Share via


How the Add Namespace Sample Works

Retired Content

This content is outdated and is no longer being maintained. It is provided as a courtesy for individuals who are still using these technologies. This page may contain URLs that were valid when originally published, but now link to sites or pages that no longer exist.

The first, second, and fourth tests use the Add Namespace component located within the NamespaceSampleReceivePipeline pipeline. It takes as input a document with no namespace on the root node, such as the following:

<CanonicalOrder OrderID="OrderID_0" OrderDate="OrderDate_1" Status="Status_2">

The following table shows the property values set for the Add Namespace component.

Property

Type

Value

ExtractionNodeXPath

Static

(empty)

NamespaceBase

Static

http://schemas.microsoft.biztalk.esb.test.com/test

NamespacePrefix

Static

esbTest

Separator

Static

/

XPaths

Dynamic

/CanonicalOrder/@OrderID|/CanonicalOrder/@OrderDate

The property settings shown in the table cause the component to search the XML document by executing the two XPath queries /CanonicalOrder/@OrderID and /CanonicalOrder/@OrderDate (the two queries specified for the XPaths property, separated by a "pipe" character). These queries return the values of the OrderID and OrderDate attributes of the root node of the document; in this example, the two values are "OrderID_0" and "OrderDate_1".

The component then uses these values, and the values of the other properties, to construct the new root namespace. It combines the NamespaceBase, the NamespacePrefix, the Separator, and the values from the two XPath queries in the following format:

xmlns:{NamespacePrefix}="{NamespaceBase}{Separator}{XPaths[1]}{Seperator}
                         {XPaths[2]}{Separator}...{XPaths[n]}"

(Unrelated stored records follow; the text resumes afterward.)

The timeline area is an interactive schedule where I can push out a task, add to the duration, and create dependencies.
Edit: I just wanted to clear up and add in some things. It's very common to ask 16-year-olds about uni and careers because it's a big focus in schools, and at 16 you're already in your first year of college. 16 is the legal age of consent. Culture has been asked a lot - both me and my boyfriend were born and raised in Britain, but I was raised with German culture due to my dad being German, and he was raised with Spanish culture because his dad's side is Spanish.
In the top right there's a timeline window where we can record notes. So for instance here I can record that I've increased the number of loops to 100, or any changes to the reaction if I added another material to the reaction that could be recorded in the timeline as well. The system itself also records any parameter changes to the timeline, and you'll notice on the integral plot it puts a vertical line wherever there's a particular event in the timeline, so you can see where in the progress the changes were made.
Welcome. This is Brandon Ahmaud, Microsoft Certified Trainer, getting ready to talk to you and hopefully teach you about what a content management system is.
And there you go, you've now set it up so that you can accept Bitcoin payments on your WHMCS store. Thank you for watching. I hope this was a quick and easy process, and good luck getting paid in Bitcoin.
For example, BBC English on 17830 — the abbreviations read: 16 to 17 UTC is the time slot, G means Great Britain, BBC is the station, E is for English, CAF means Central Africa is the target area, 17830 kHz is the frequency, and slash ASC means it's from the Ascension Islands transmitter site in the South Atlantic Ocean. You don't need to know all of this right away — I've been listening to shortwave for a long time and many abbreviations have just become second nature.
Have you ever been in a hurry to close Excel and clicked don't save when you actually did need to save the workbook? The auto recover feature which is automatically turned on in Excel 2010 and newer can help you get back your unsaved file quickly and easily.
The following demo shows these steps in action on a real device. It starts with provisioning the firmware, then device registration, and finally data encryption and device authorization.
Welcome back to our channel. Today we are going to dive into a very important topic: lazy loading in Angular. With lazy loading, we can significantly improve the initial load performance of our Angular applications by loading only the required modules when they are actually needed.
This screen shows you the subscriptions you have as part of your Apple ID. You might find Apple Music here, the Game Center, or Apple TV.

This produces the new namespace, as shown here:

xmlns:esbTest="http://schemas.microsoft.biztalk.esb.test.com/test
               /OrderID_0/OrderDate_1"

Therefore, the updated document after processing by the NamespaceSampleReceivePipeline pipeline is the following:

<esbTest:CanonicalOrder xmlns:esbTest=
    "http://schemas.microsoft.biztalk.esb.test.com/test/OrderID_0
    /OrderDate_1" OrderID="OrderID_0" OrderDate="OrderDate_1" 
    Status="Status_2">

Using the ExtractionNodeXPath Property

By default, the Add Namespace component uses the root element of the XML document within the message when adding namespace and prefix information. If want to use only a subset of the XML document as the message body (useful in certain envelope scenarios or when only a portion of an inbound document has relevance), you can set the ExtractionNodeXPath property to force the Add Namespace component to seek the specified element for use as the resultant message. For example, if you know that a received CanonicalOrder message will have only one OrderDetails element that is relevant for consumers of this message contained within it, you can set the ExtractionNodeXPath property to specify the path to the OrderDetails element. You can see an example of this process in the Add Via Extraction to Pass-through test discussed earlier.

Note

The ExtractionNodeXPath property must be an XPath that returns only one element. The component will raise an exception if the result is not an element or if the XPath query returns more than one element.